I'm seeing a message similar to the following show up repeatedly in my server logs for the latest build. 2009-03-17 21:33:41,094 WARN [org.rhq.enterprise.server.measurement.MeasurementDataManagerBean] Failure saving measurement numeric data: java.sql.BatchUpdateException:Batch entry 0 INSERT /*+ APPEND */ INTO RHQ_MEAS_DATA_NUM_R07(schedule_id,time_stamp,value) VALUES(46345,1237339981177,1.040216064E9) was aborted. Call getNextException to see the cause.[SQLException=Batch entry 0 INSERT /*+ APPEND */ INTO RHQ_MEAS_DATA_NUM_R07(schedule_id,time_stamp,value) VALUES(46345,1237339981177,1.040216064E9) was aborted. Call getNextException to see the cause. -> ERROR: duplicate key violates unique constraint "rhq_meas_data_num_r07_id_t_pk"(error-code=0,sql-state=23505)]
from heiko: "I did see that a very few times in the past too. I think shortly after an agent was reconnecting (to a downed server?). Perhaps there is a race condition when shuting down the agent so that data ends up being sent to the server and as in this process (perhaps before we hear the ack back from the server, the sender is shut down) the agent is spooling the data to disk. Now we have one commited copy on the server and a spooled one on the agent."
heiko, that makes a lot of sense, and i agree there's a possibility of that occurring. as a result, this exception should happen rarely, but even if it does happen it should resolve itself quickly assuming the connection between the agent and the server is stable. corey, was this a repeating exception, or a one-time issue?
corey, see my last comment.
Joseph, I don't have those logs now (I don't think), but I saw it multiple times. I did something like a grep "rhq_meas_data_num_r07_id_t_pk" rhq-server-log4j.log And saw it show up a good dozen/dozen and a half times or so.
corey, how many agents did you have attached to the system?
If you mean this particular server at the time, I don't know. There are three platforms in the HA cluster, each of which had an agent running, and /usually/ connected to a server running on the same box. Occasionally I would get some agents switching over to another box, but I don't know which agent was connected to which server, at any point in time.

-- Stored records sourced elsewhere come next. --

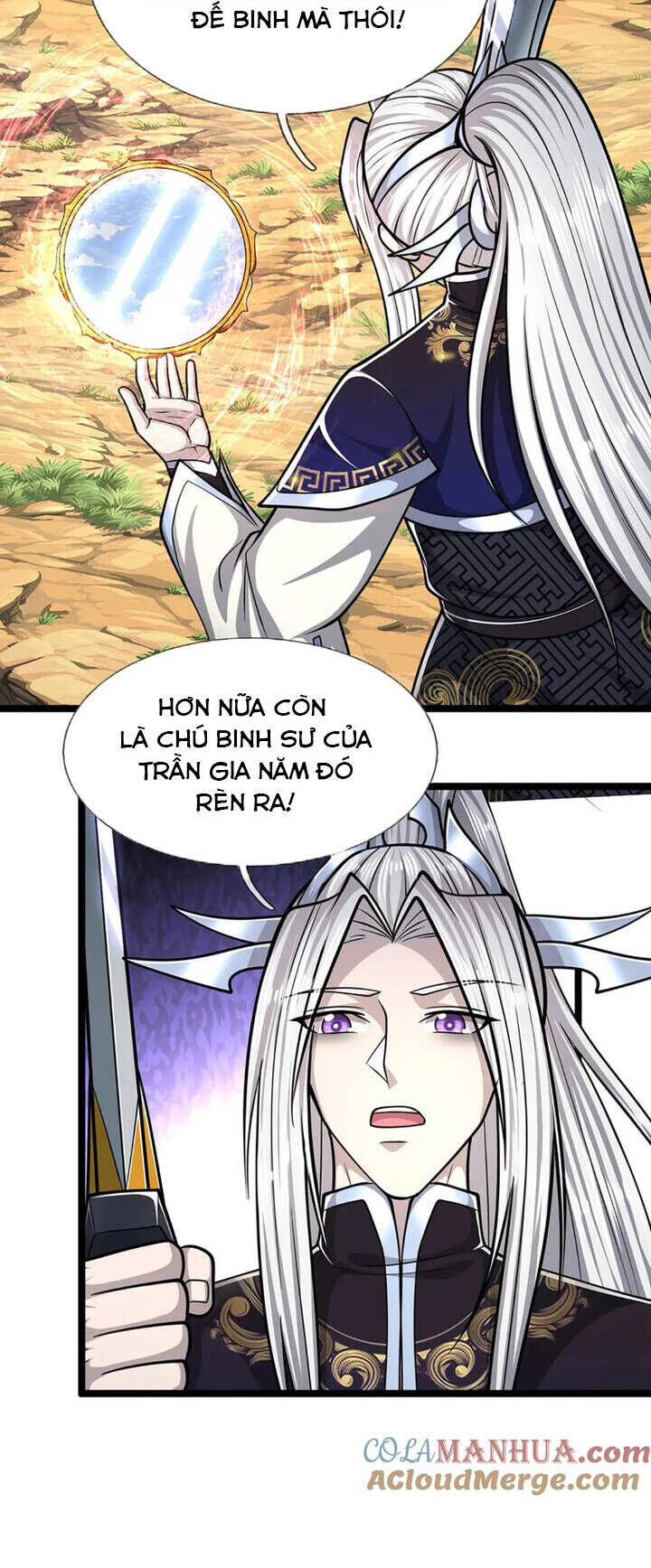 Bị Giam Cầm Trăm Vạn Năm Đệ Tử Ta Trải Khắp Chư Thiên Thần Giới Chapter 296 - Trang 2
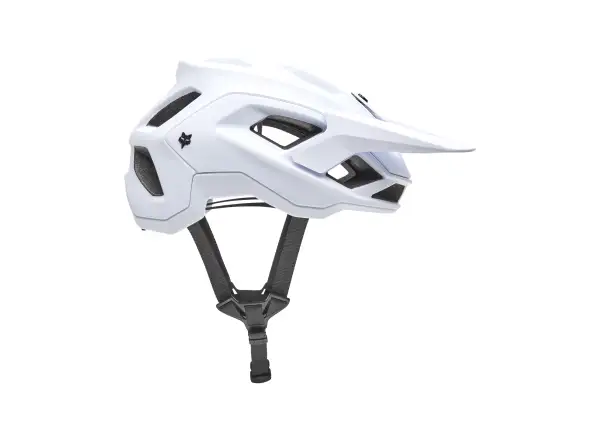 Fox Speedframe Helmet Solid Ce MTB prilba White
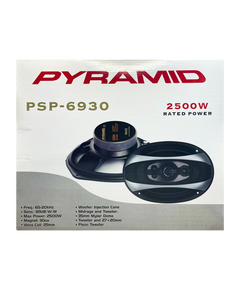 Блины (6x9) PYRAMID PSP-6930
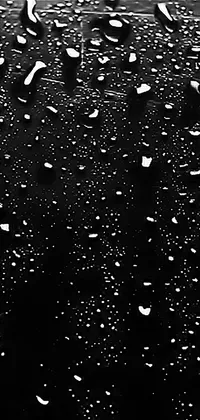 Dark Rainy Live Wallpaper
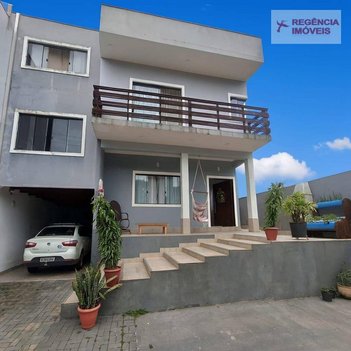 house em Rua Calixto Pereira Lima, Paulas - São Francisco do Sul - SC
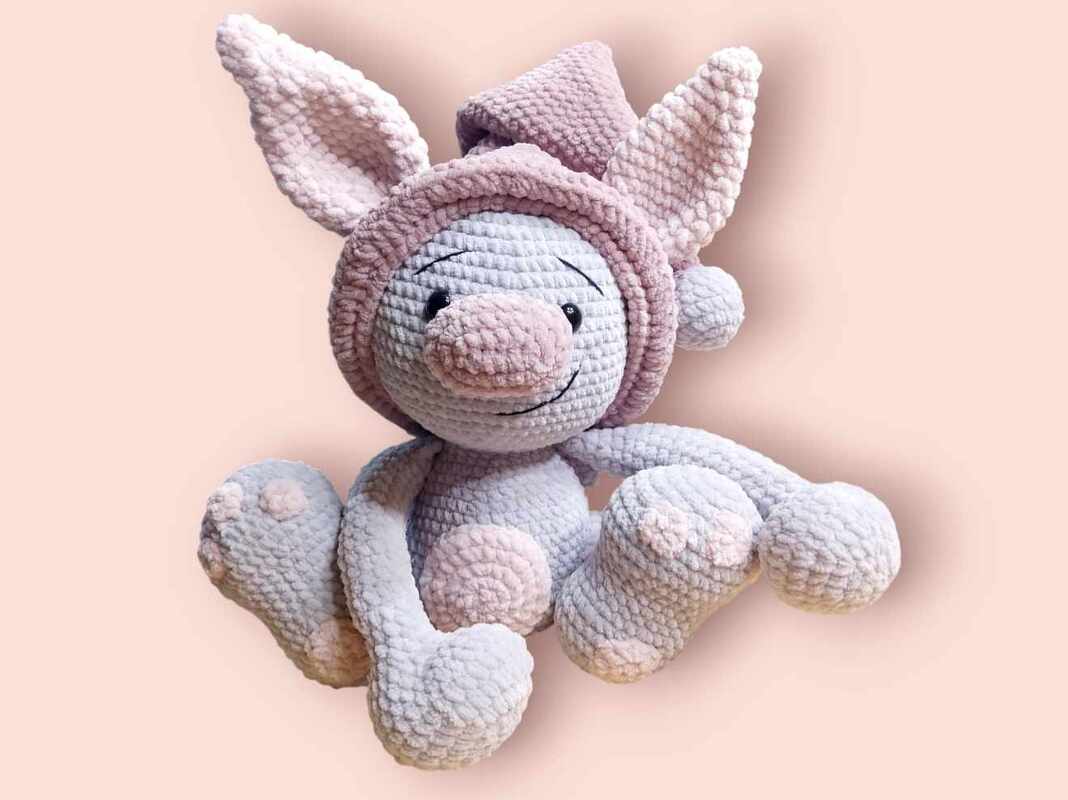 Häkelanleitung Amigurumi / Die Blubbis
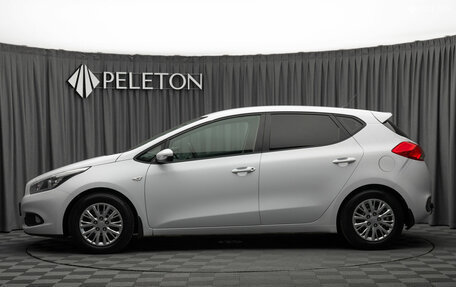 KIA cee'd III, 2013 год, 880 000 рублей, 8 фотография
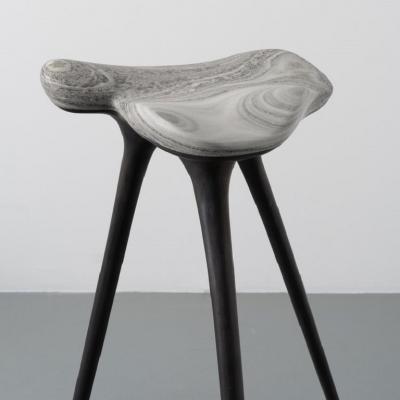 Stephen Shaheen Nuvola Bar Stool 2020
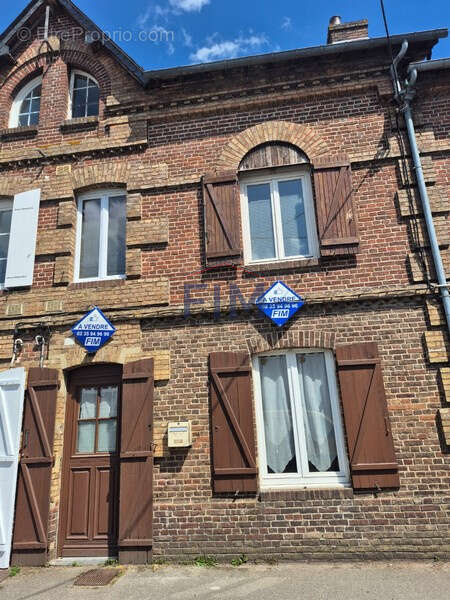Maison à AUMALE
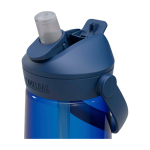 Borraccia in Tritan con cannuccia 740ml Camelbak® Thrive Flip Tritan Renew color blu reale vista dettaglio 2
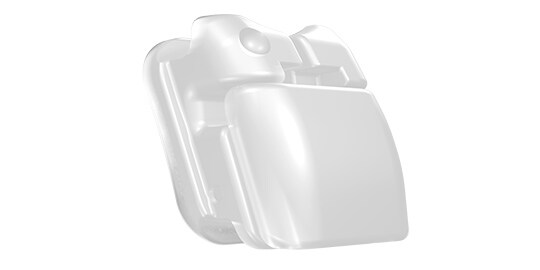 Clarity Ultra Self-Ligating Bracket
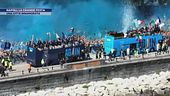 Napoli, la grande festa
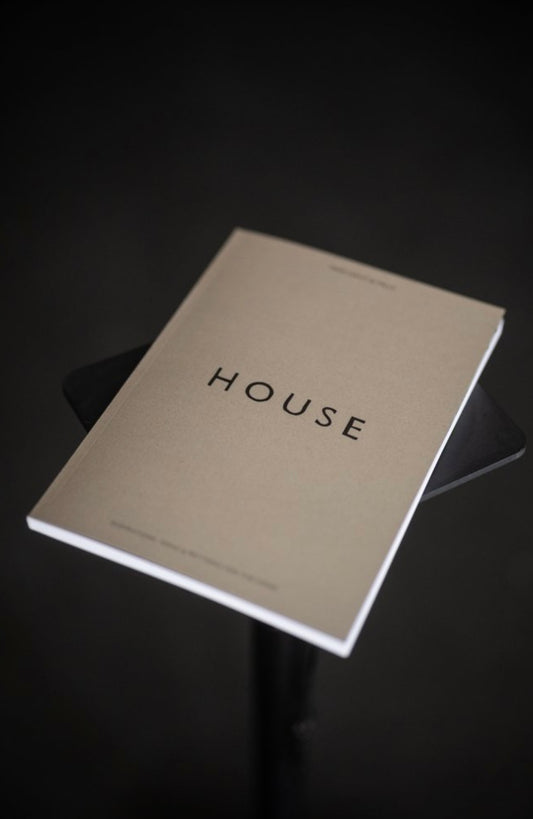 HOUSE - inspirations, ideas and patterns for the home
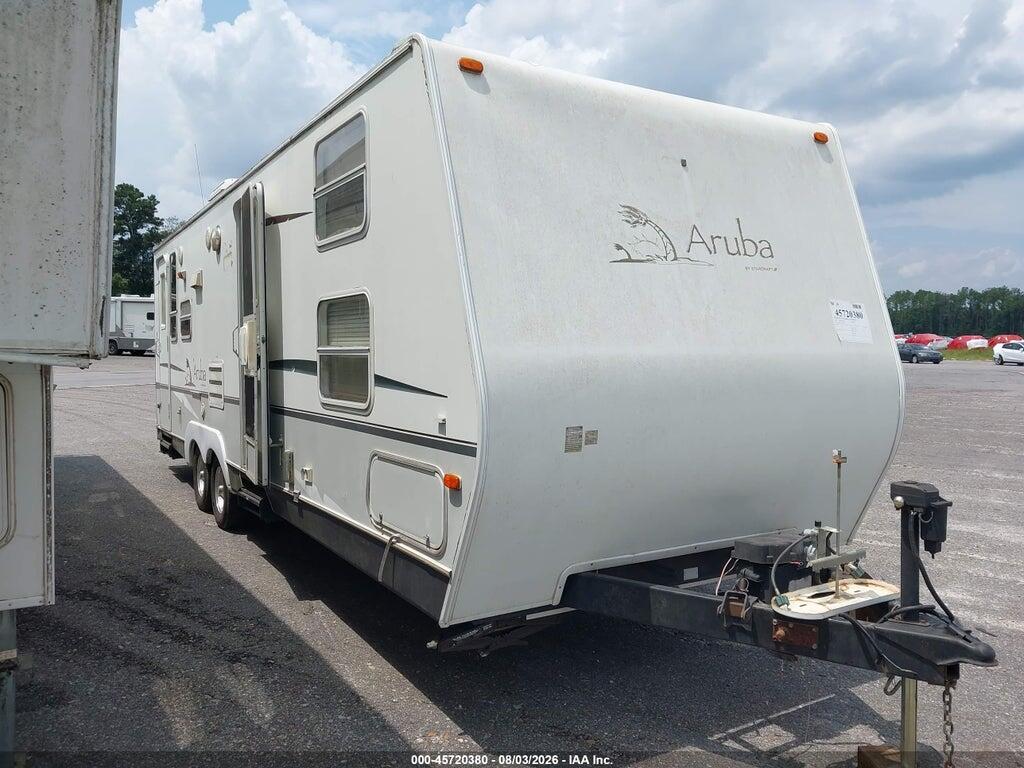 2005 STARCRAFT OTHER 1SABS02N352GH1615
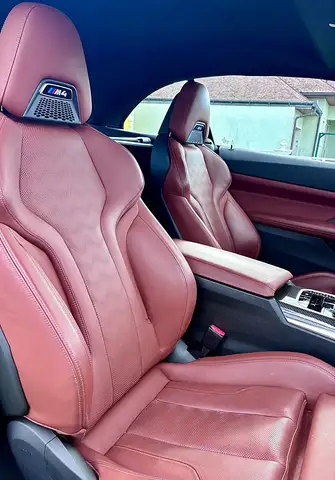 BMW M4 Competition M xDrive Cabrio Aut. - Neuwagenzust... Ansicht 14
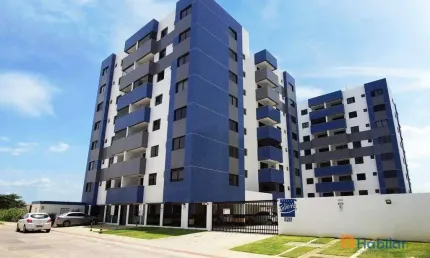 Apartamento com 3 dormitórios para alugar, 101 m² - Coroa do Meio - Aracaju/SE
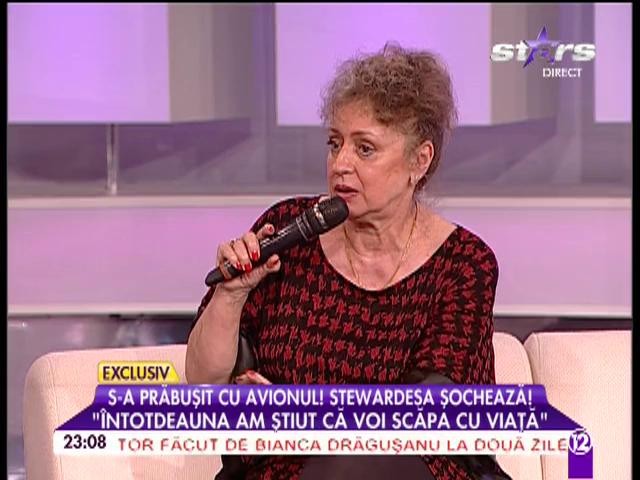 Stewardesa care a văzut moartea cu ochii a făcut mărturii halucinante: "Un pasager mi-a murit &icirc;n braţe. A fost cumplit!" 3
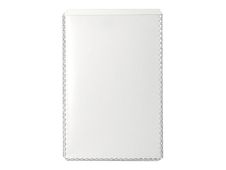 DURABLE - Beschermzakje visitekaartje - voor 54 x 86 mm - transparant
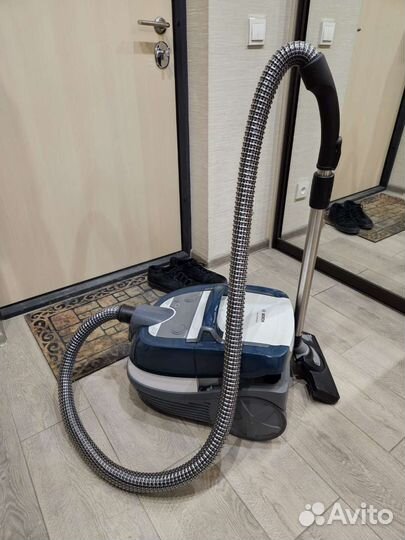 Моющий пылесос bosch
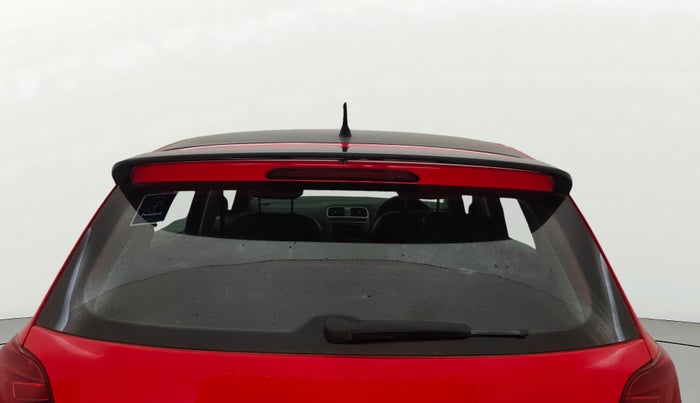 2022 Volkswagen Polo HIGHLINE PLUS 1.0L TSI, Petrol, Manual, 32,219 km, Rear Windshield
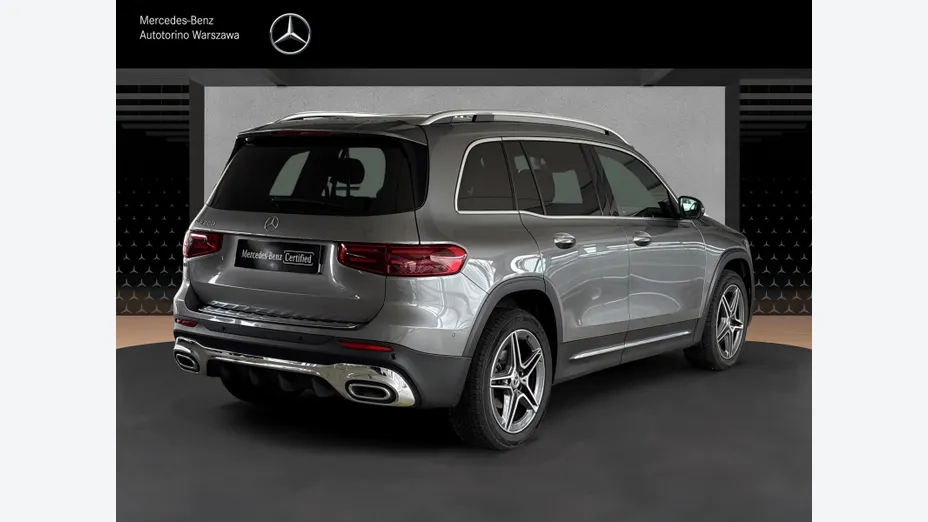 MERCEDES-BENZ GLB GLB 200 mHEV AMG Line 7G-DCT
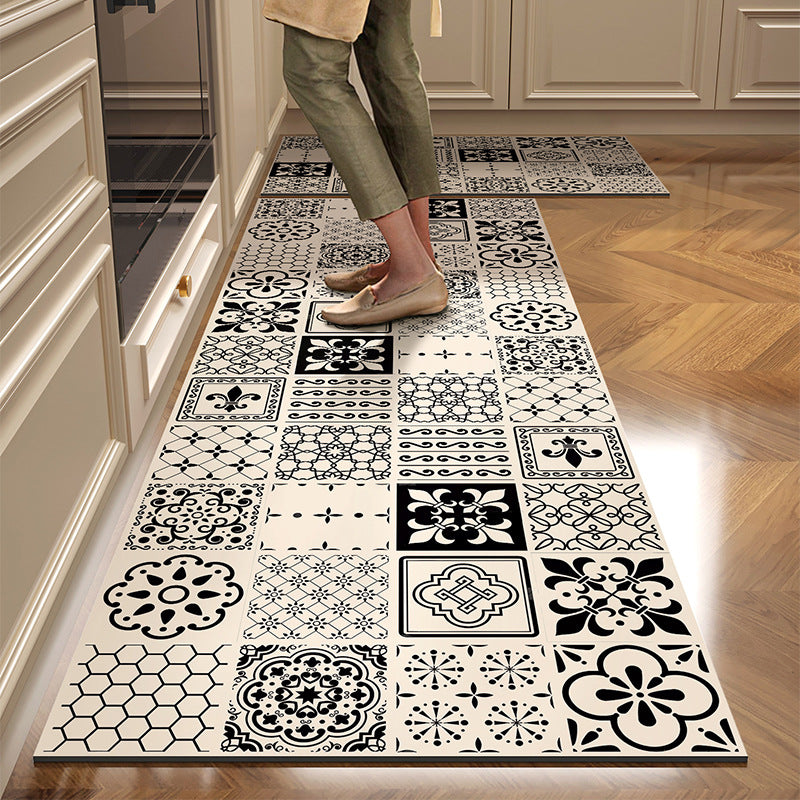 Kitchen Floor Mat Bowlift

i'm going to keep one eye open for this issue in the future, but in the worse case scenario this is due to some corner case in the workflow logic for reporting measurements that we haven't handled properly yet. the point is, if we try to insert some measurement report twice, we want that fail to in order to keep the data consistent with the business rules - perhaps we shouldn't throw a big, nasty stack in this case (or maybe only throw it when the server is in debug mode).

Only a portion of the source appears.